Exercise prompt | Please output exactly the lines from the one containing "Caratula de Harukanaru" through the end of the records below, leaving out any pictures.

Records provided |

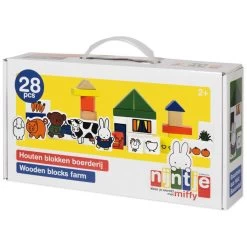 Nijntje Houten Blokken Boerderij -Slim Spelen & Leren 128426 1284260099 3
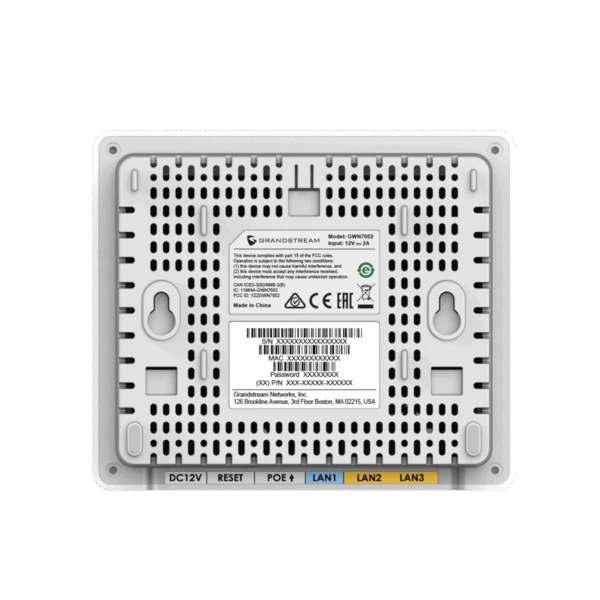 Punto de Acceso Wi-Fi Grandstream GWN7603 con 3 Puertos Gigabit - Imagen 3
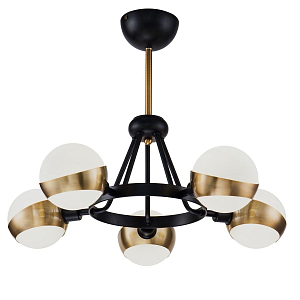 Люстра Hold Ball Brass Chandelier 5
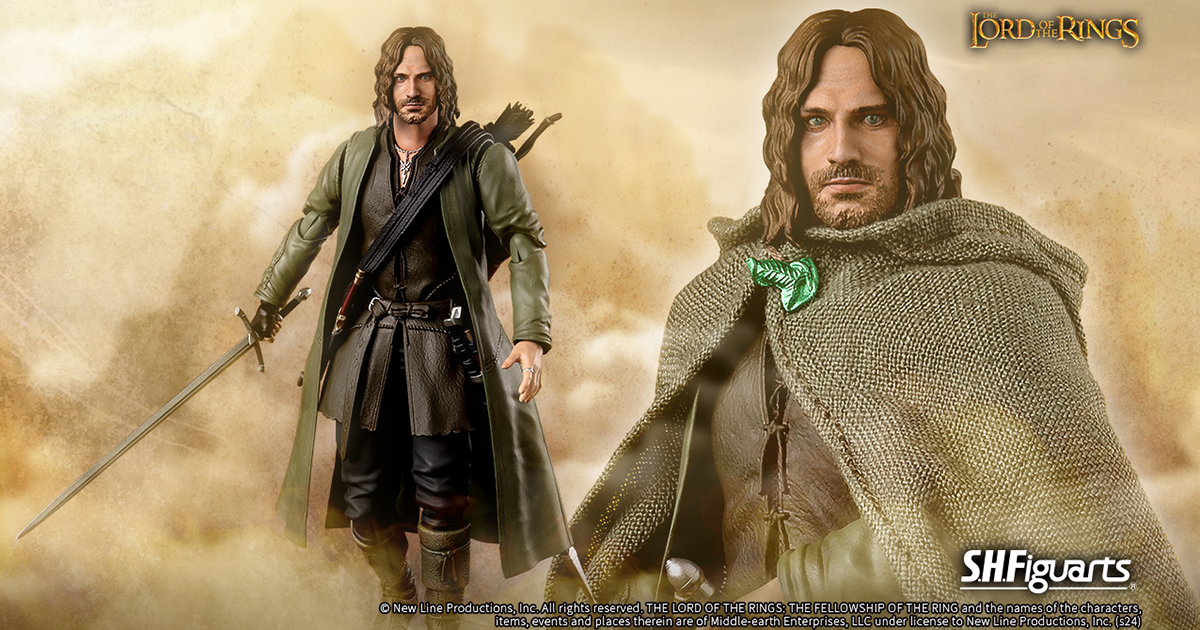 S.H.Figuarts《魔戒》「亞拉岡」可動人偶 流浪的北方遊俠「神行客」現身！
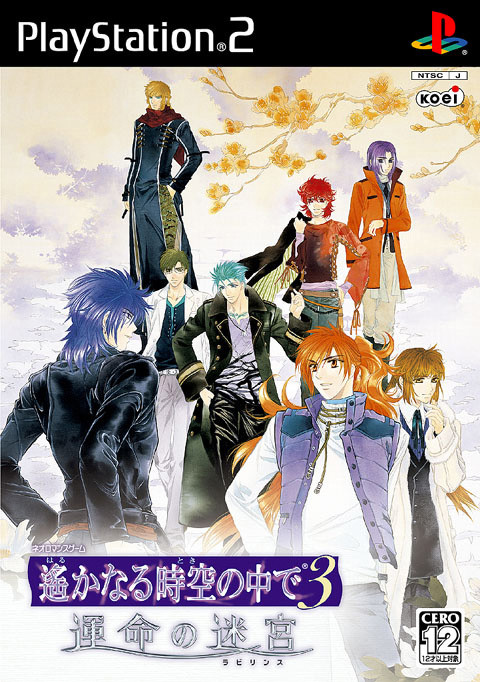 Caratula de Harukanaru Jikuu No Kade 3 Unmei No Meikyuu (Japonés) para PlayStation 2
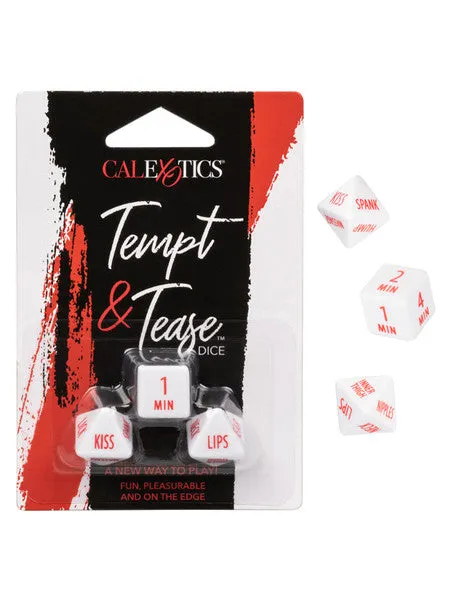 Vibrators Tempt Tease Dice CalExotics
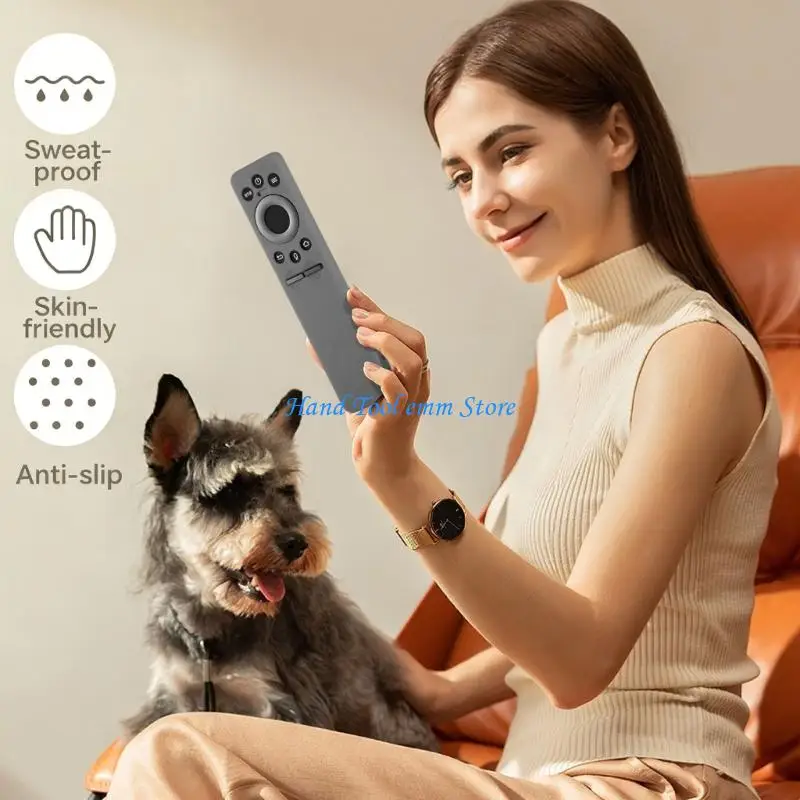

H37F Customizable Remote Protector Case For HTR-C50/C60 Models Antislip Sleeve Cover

Exercise answer |
 Caratula de Harukanaru Jikuu No Kade 3 Unmei No Meikyuu (Japonés) para PlayStation 2
 Vibrators Tempt Tease Dice CalExotics

H37F Customizable Remote Protector Case For HTR-C50/C60 Models Antislip Sleeve Cover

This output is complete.